Soon, however, it becomes clear that there is strong opposition in addition to the optimism and desire for change. For the women's team, this means that some men are beginning to voice objections to the women playing in shorts, and that if this is what change looks like - then change is not desired. The opposition swells, especially online. Arebi documents both the opposition to the team and the women's responses, which are far from simple: The players want to play the game they love, and they also want to respect their religion and society, and are unsure how to balance these conflicting attitudes.

In the end, the team receives the news that they will not be permitted to play.

=== Part 3 ===

Two years later, the women's football team has disbanded. while the Libyan civil war has escalated. Naama, Halima and Fadwa - each in her own way - is trying to understand what happened, and to find a way to express her love of the game. "Together, we had hope, together we lost hope, and together we also renewed our hope", says Arebi.
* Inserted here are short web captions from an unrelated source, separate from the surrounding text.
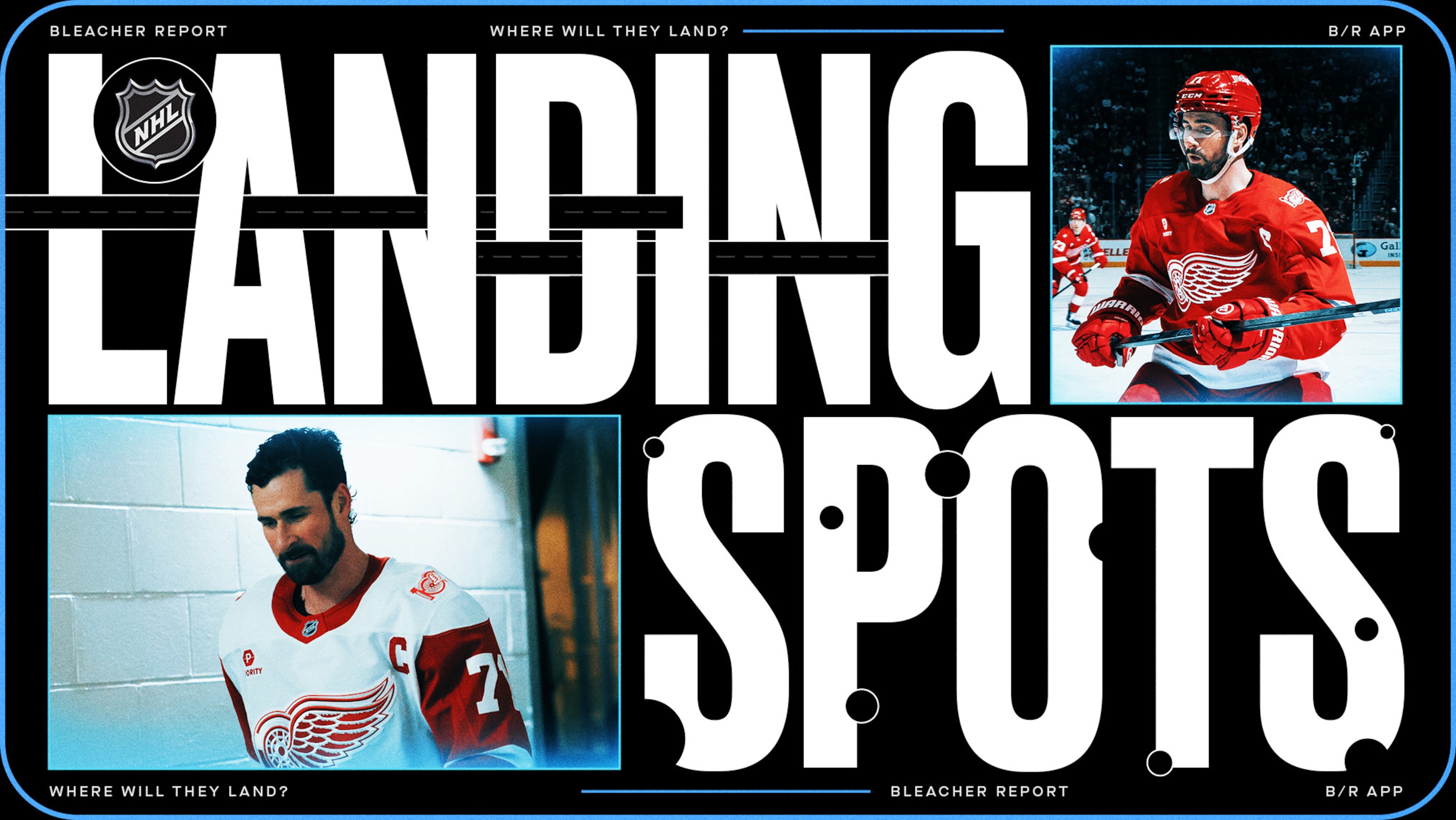 6 Potential Trade Landing Spots for Red Wings' Dylan Larkin Amid NHL Trade Rumors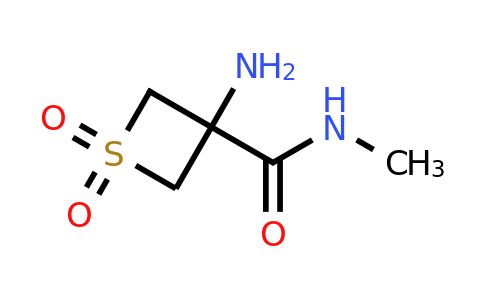 CAS 2306262-13-3 | 3-amino-N-methyl-1,1-dioxo-thietane-3-carboxamide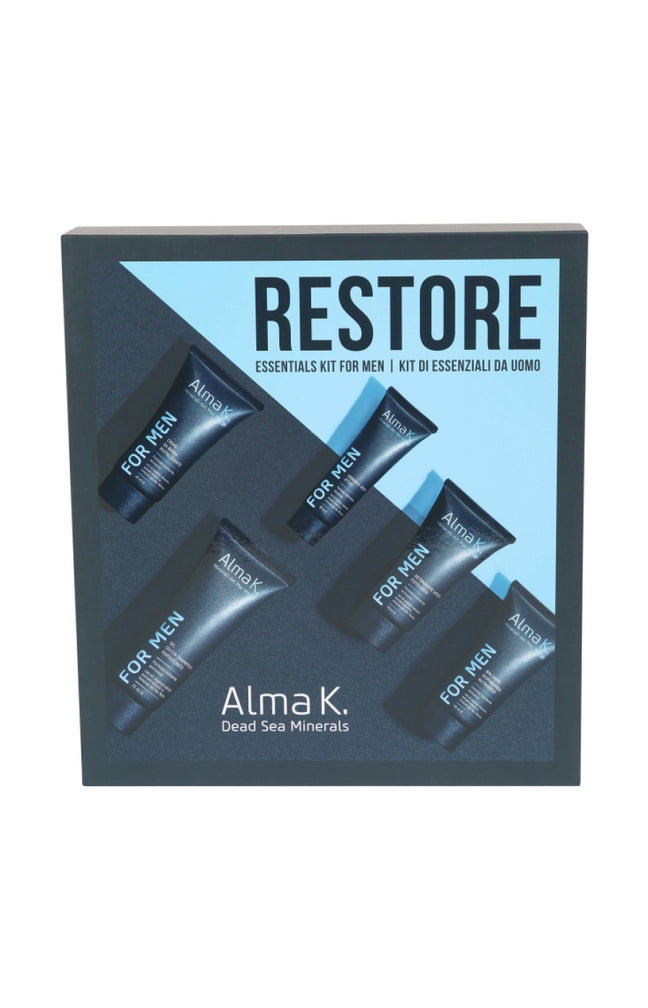 Coffret soins - Restore Essentials - Homme - 5 produits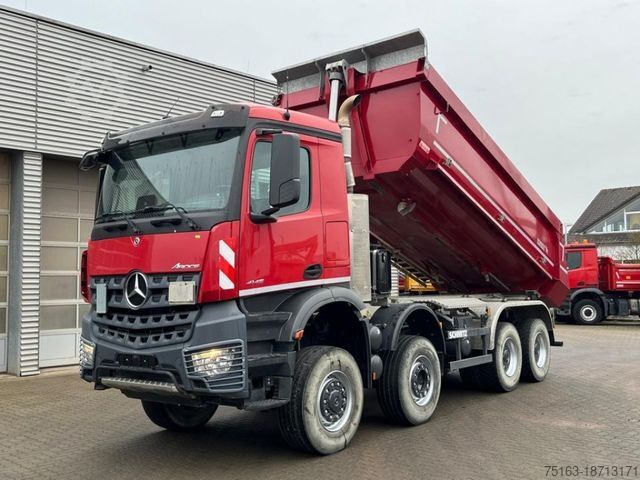 Tipper truck MERCEDES-BENZ Arocs 4145 8x6 4 Achs Muldenkipper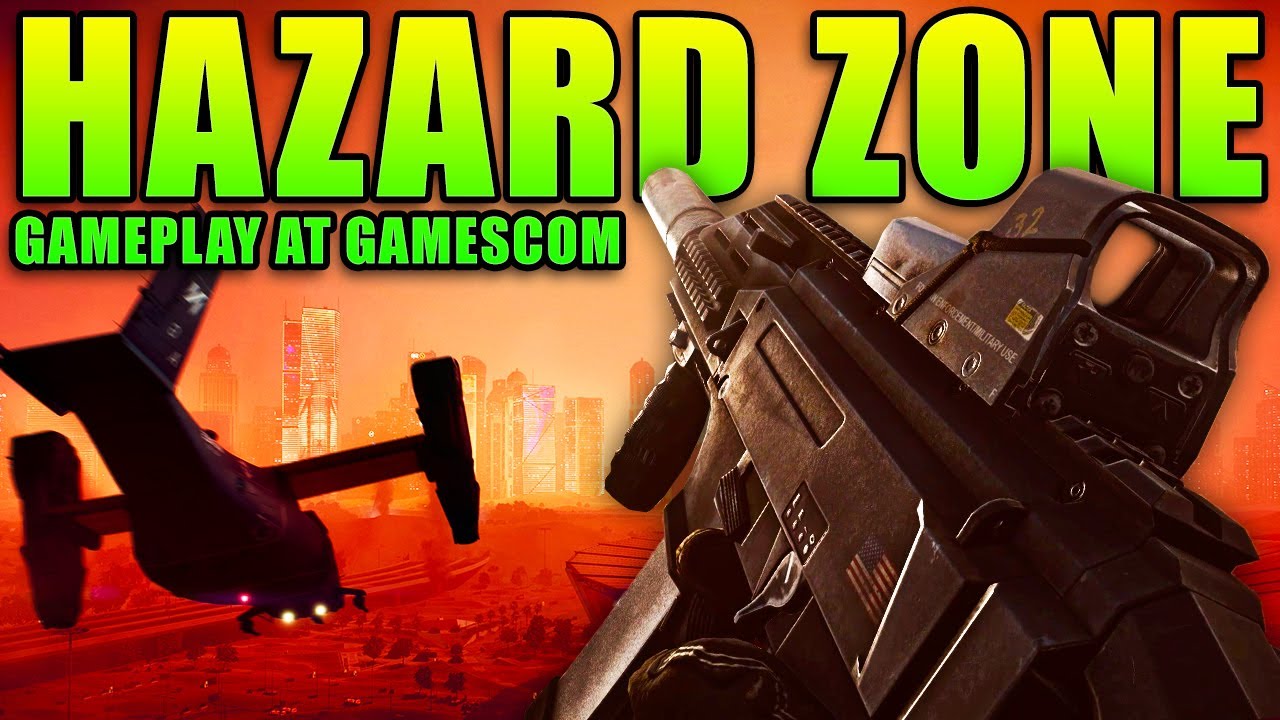 Battlefield 2042 Hazard Zone Gameplay at COD Vangaurd Anti
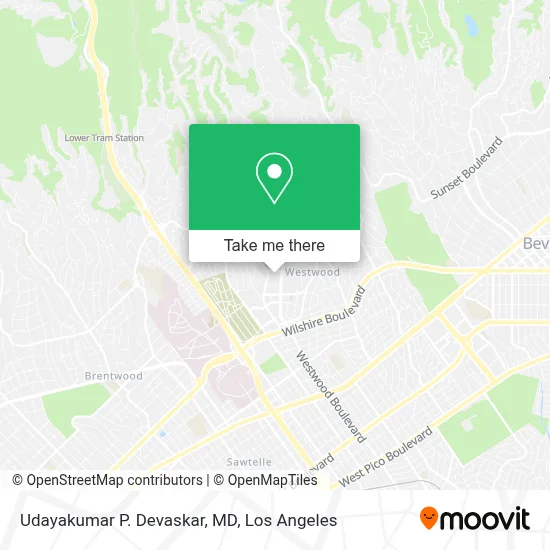 Udayakumar P. Devaskar, MD map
In spite of the two year jumps in the flow of the film, Arebi continued to film and document in the gaps not covered in Freedom Fields, and is planning on showcasing her work in a second documentary, which she calls "even more tragic", called After the Revolution.

== Release ==
The film premiered at the Toronto International Film Festival in September 2018, and was selected to screen at the British Film Institute in October 2018, and continued from there to additional international festivals. Freedom Fields was nominated for the Bronze Horse award at the Stockholm International Film Festival.